Bolşevikler, Duma seçimleri için yürütülen kampanyayı, uzun erimli bir ajitasyon ve propaganda için olanak ve aynı zamanda da kitlelerin örgütlenmesinin yöntemlerinden biri olarak kabul etmişlerdi. Adaylarının seçilmesini başlı başına bir amaç olarak görmeyen Bolşevikler, yürütülen kampanyayı Duma’da birkaç sandalye elde etme hedefine indirgemediler. Duma’daki grubun hem Duma içindeki, hem de Duma dışındaki etkinlikleri çok büyük bir devrimci öneme sahipti. Fakat seçim kampanyasının kendisi de daha az önemsiz değildi ve bütün bu süreçlerde Sosyal Demokrasinin devrimci konumu, söylemi yumuşatılmadan, revizyona tabi tutulmadan bütün saflığıyla korunmalıydı.
İşçi sınıfı devrimcileri her dönem ve her koşulda burjuvazinin kendi egemenlik alanı olarak ilan ettikleri kurumlarda, mevzi elde etmeyi ve kurulan kürsüleri işçi sınıfının ve ezilen halkların lehine kullanmayı denemişler ve başarılı sonuçlar elde etmişlerdir. Bu, kimi zaman gerici bir sendika, kimi zaman bir öğrenci derneği, kimi zaman da burjuvazinin parlamentosu olmuştur. Rusya’da, Çarlık rejiminin olağanüstü baskı ve engellemelerine rağmen Bolşevikler, yürüttükleri çalışmalarla günümüze zengin deneyler aktarmışlardır.

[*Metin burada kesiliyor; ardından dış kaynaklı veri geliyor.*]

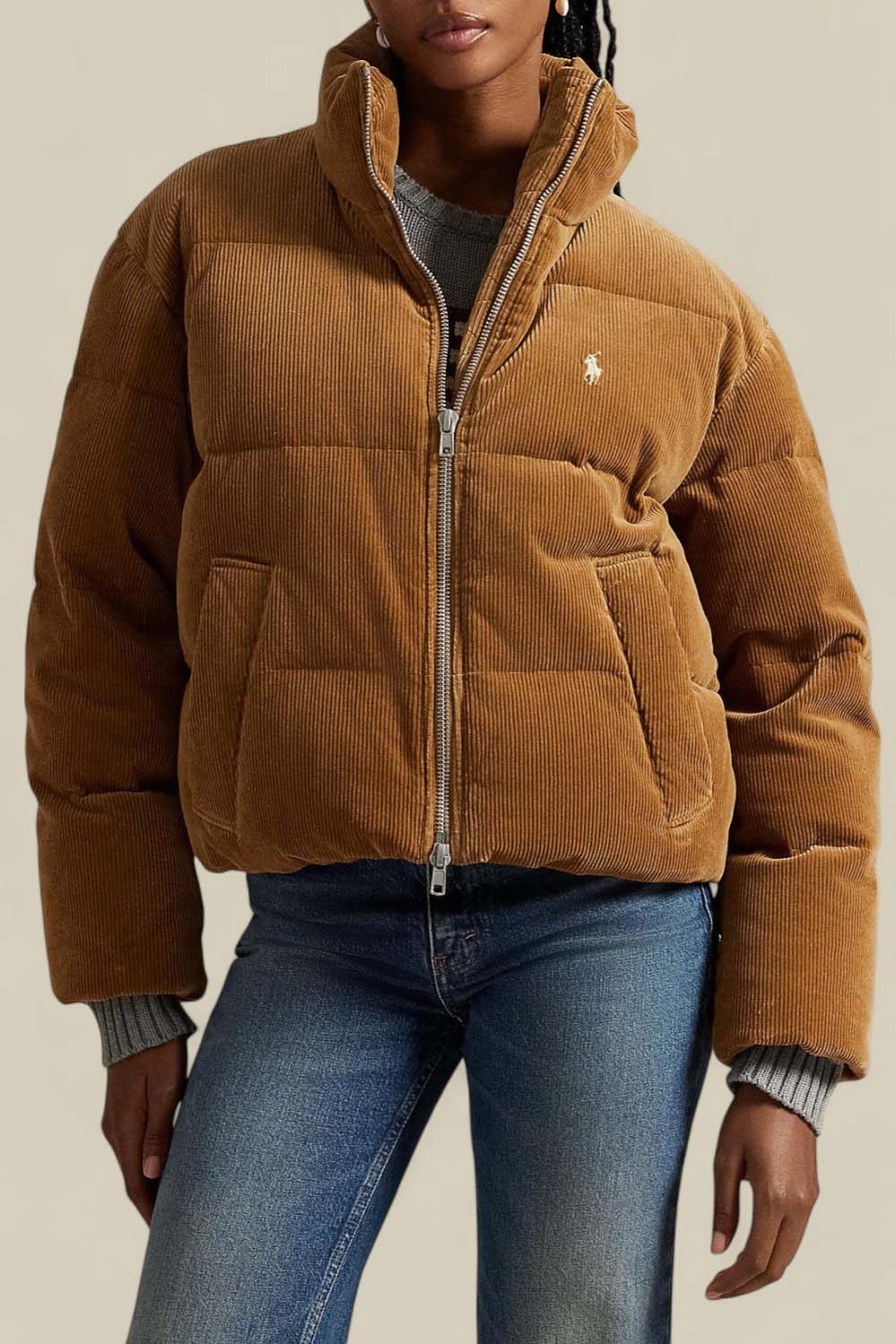 תמונת דוגמן קידמית של מעיל פוך קורדרוי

Bütün zorluklara ve engellemelere karşın yürütülecek başarılı bir çalışma engellerin aşılmasının da yollarını açmaktadır. Burjuvazi, işçi sınıfı devrimcilerini engellemek, seslerini kısmak için türlü yöntemler ve sahtekarlıklar yapmıştır. Neredeyse yüz yıl önce uyguladıkları taktikler ve engelleme yöntemleri, günümüzde de uygulanmaktadır.
Çarlık hükümetinin birinci Duma seçimlerinden önce onayladığı seçim yasası, Duma’da burjuvaların ve büyük toprak sahiplerinin çoğunluğu oluşturmasını garanti altına alacak şekilde düzenlenmişti. Ne var ki hükümet tarafından birinci ve ikinci Duma’dan sonraki seçimler için geliştirilen bu karmaşık seçim sistemi kendi ayaklarına dolandı ve ilk iki Duma’da çoğunluk muhalif kesimden oluşmuştu. Dolayısıyla oluşan bu iki Duma da görev süresi dolmadan fesh edildi.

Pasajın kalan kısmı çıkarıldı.